How does a Relational Database Work ? [Part 1]

Malo Le Goff
4 min readJun 20, 2021

This article is the first of a series in which we’ll talk about the workings of Relational Database Management Systems (RDBMS)
In fact, RDBMS such as PostgreSQL, MySQL, …. are widely used today and among the most complete software architecture in use. They are the result of decades of research and optimization. Yet, they are used as black boxes by most users.
This article aims to explain why we use a database in the first place and how does the database store the data

Before diving in, I just want to make a quick refresher :
People often get confused between the DBMS and the DB, just to be clear : A Relational Database Management System is a piece of software that is supposed to manage (hence the name) a relational database. The DB itself is just the cluster of data
Examples : MySQL, PostgreSQL, … these are all RDBMS.

I. Why do we need a Database in the first place ?

First thing first, why do we need a DB and a DBMS to store data ? After why not just store everything in spreadsheets

Because databases coupled with DBMS are a convenient way to :

  • Manage large amounts of data, it would be much more complicated with spreadsheets. Indeed, with a lot of rows, the spreadsheet would just be so slow we could not use it anymore.
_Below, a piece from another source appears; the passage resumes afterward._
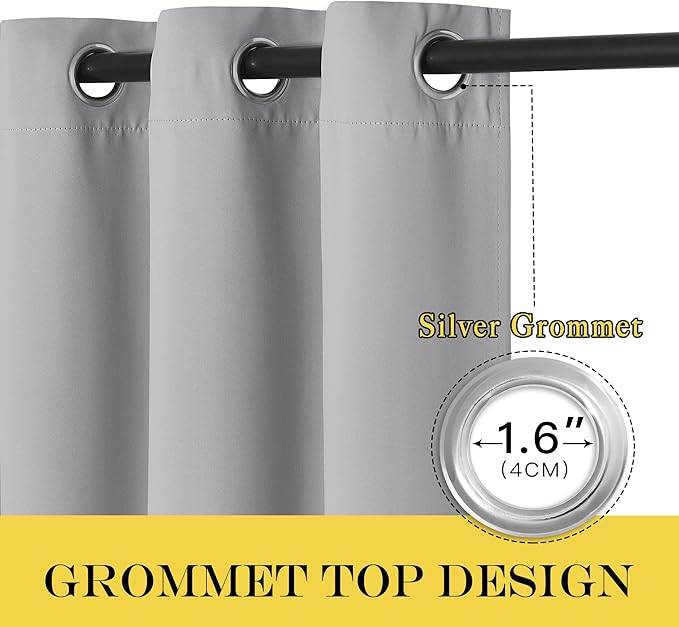 NICETOWN Blackout Curtains 72 inches Long, Grommet Privacy Window Treatment Thermal Insulated Room Darkening Sliding Glass Door Drape for Bedroom Living Room, 1 Panel, W100 x L72, Silver Grey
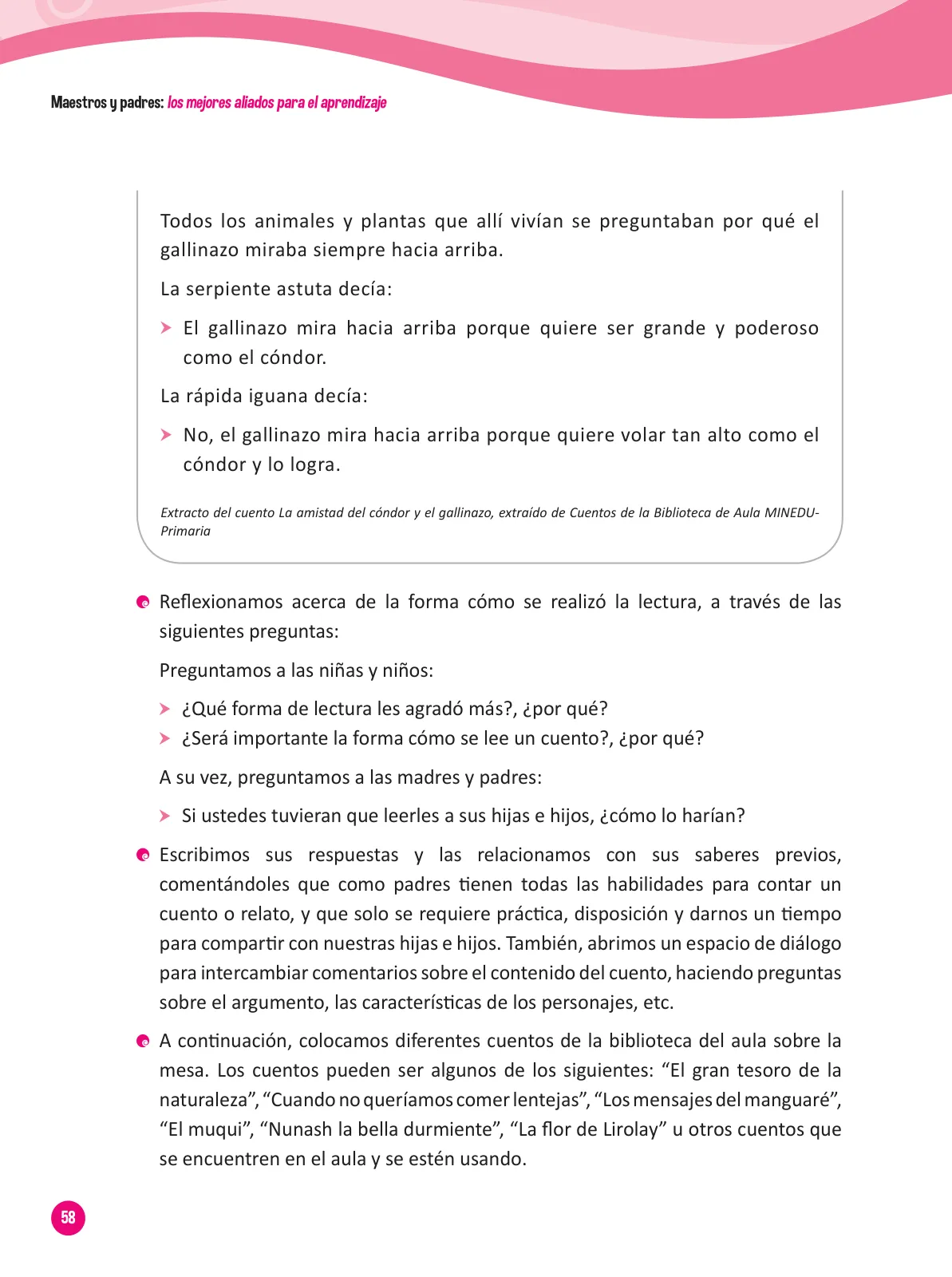 Página 60 de Guía para el trabajo docente con las familias del ciclo III de Primaria · 2016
Whereas with the DB, we have plenty of tools to deal with large datasets like indexing, partitioning and clustering
  • Implement checks, constraints, … to make sure the data is correct
  • Update data with a DML (Data Manipulation Language) such as SQL.
  • With the correct design, we can ensure data integrity and minimize redundancy
  • Fetch data from the database, done with DQL (Data Query Language)
  • Enforce the ACID properties
  • Handle fault-tolerance and concurrency

And so on, there are still plenty of reasons to use a DBMS rather than a bunch of spreadsheets but I will stop here.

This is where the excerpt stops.